Span requested from the data below: the line with "Mahindra Gyrovator RLX image Mahindra" through the line with "Lancme Trsor Scented", both included. Give only these lines again, exactly, and leave every picture out.
################
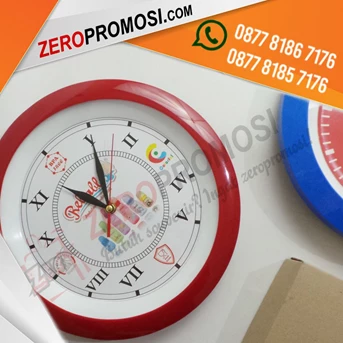 produksi souvenir jam dinding promosi kode 218p cetak logo murah-4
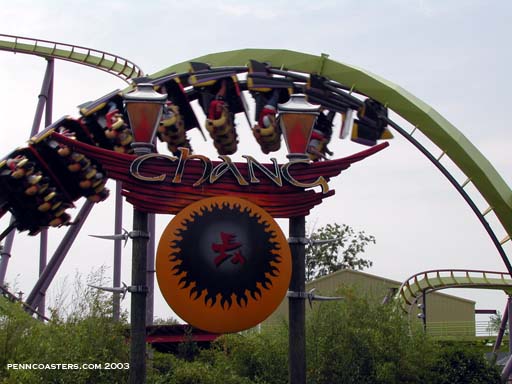 Chang photo from Kentucky Kingdom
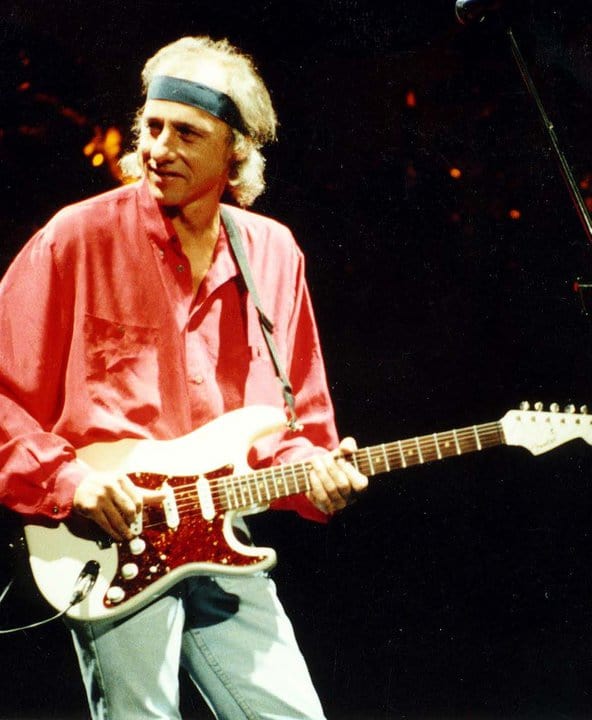 Mark knopfler фото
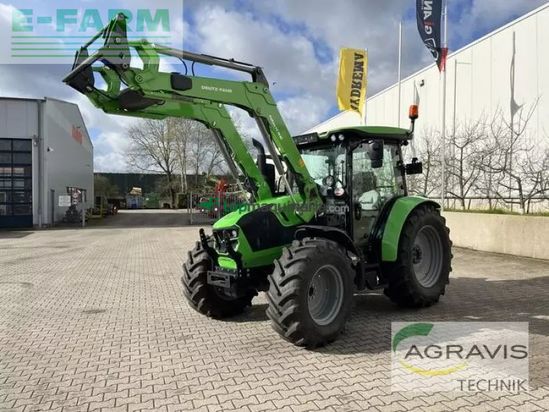 Tractor agrícola - Deutz-Fahr - 5100g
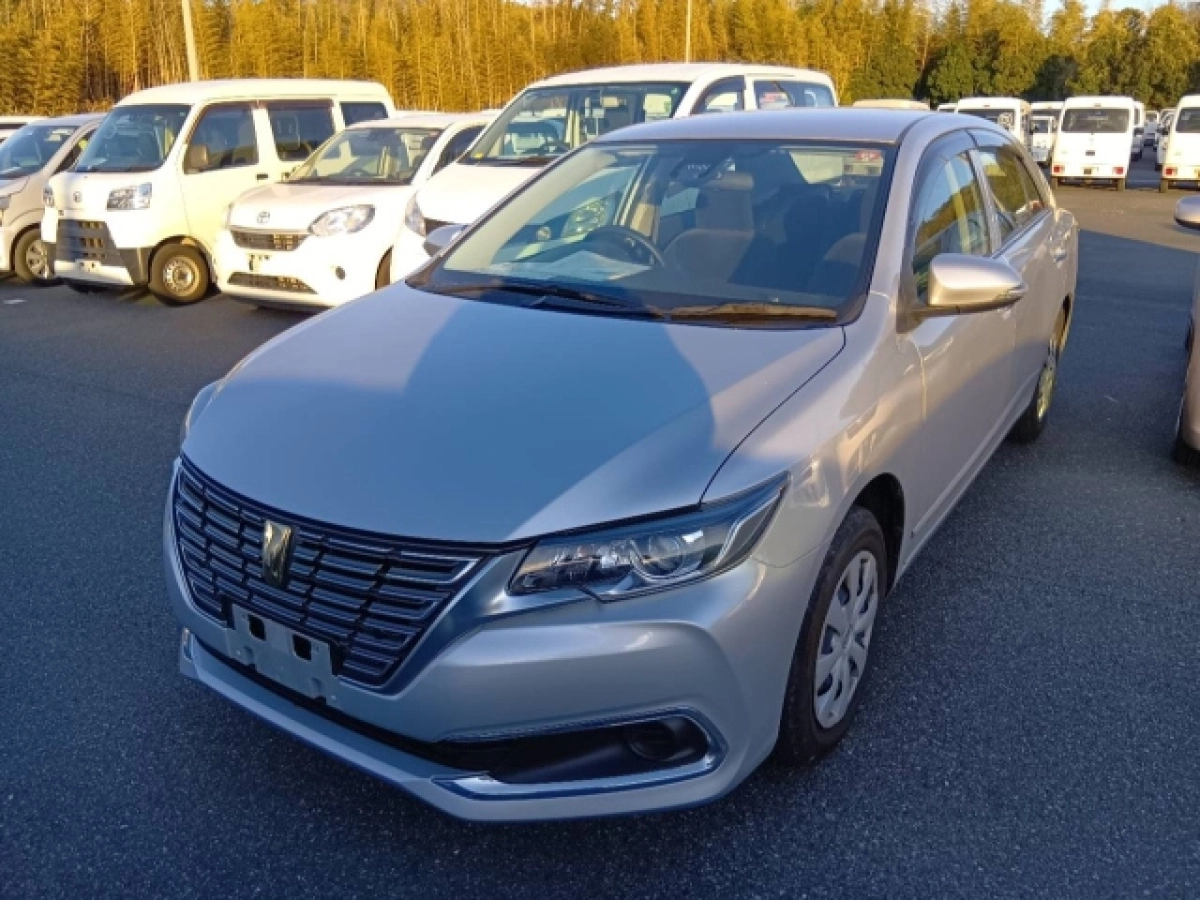 TOYOTA PREMIO NZT260 2020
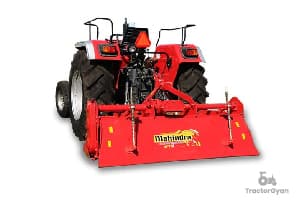 Mahindra Gyrovator RLX image Mahindra Gyrovator RLX image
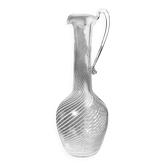 Carafe en verre de Murano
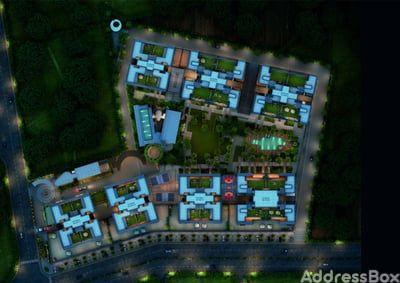 KAVISHA The Masterpiece Master Plan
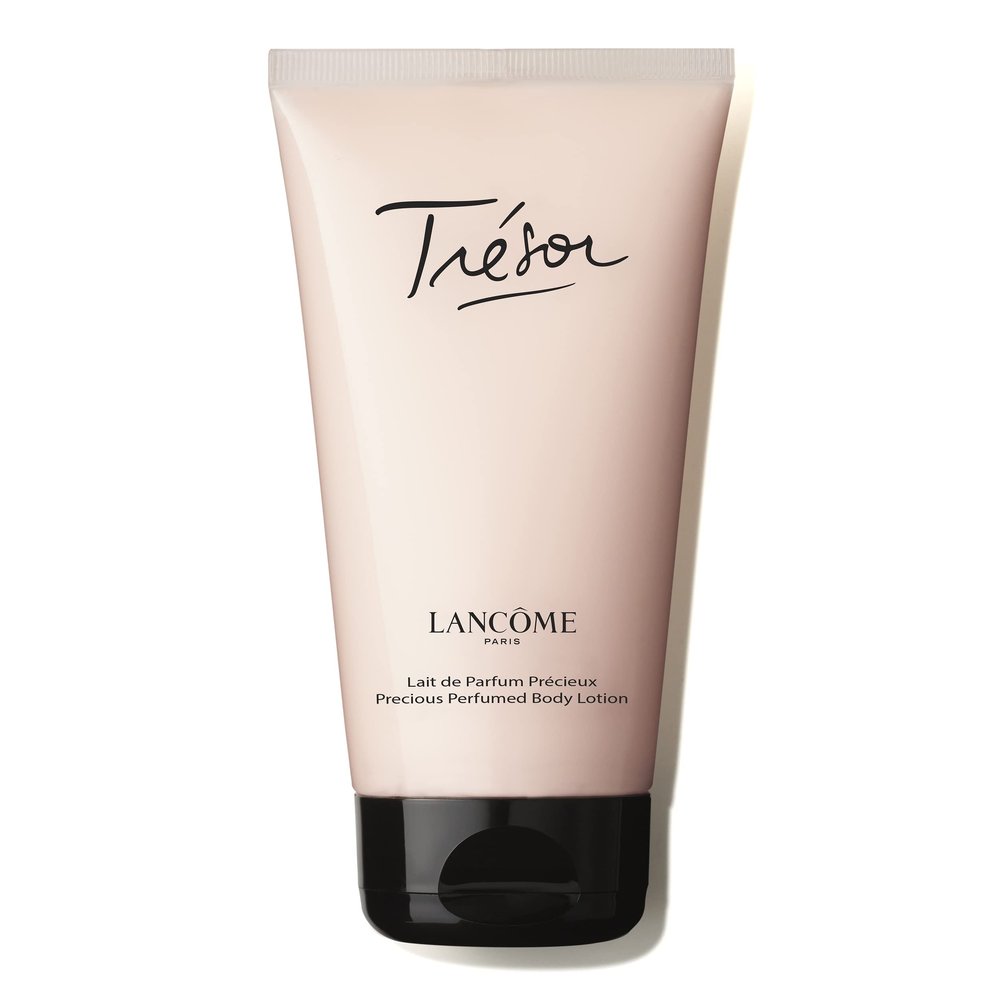 Lancme Trsor Scented Body Lotion - Smoothes, Illuminates & Hydrates Skin - With Rose, Lilac & Apricot Blossom - 5 Fl Oz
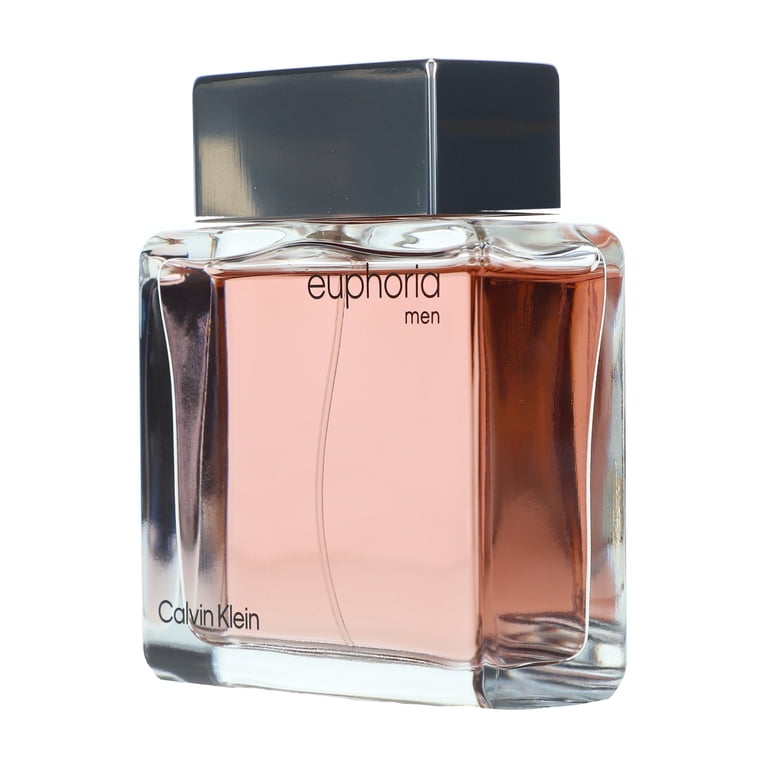 Calvin Klein, Euphoria Cologne for Men, 3.4 Oz Woodsy Scent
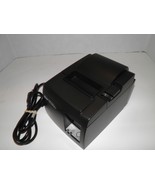 Star TSP100 Thermal POS Receipt Printer Ethernet w Power Cord Model 143L... - $3,527.01 MXN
################
• [Result of the task]:
 Mahindra Gyrovator RLX image Mahindra Gyrovator RLX image
 Carafe en verre de Murano
 KAVISHA The Masterpiece Master Plan
 Lancme Trsor Scented Body Lotion - Smoothes, Illuminates & Hydrates Skin - With Rose, Lilac & Apricot Blossom - 5 Fl Oz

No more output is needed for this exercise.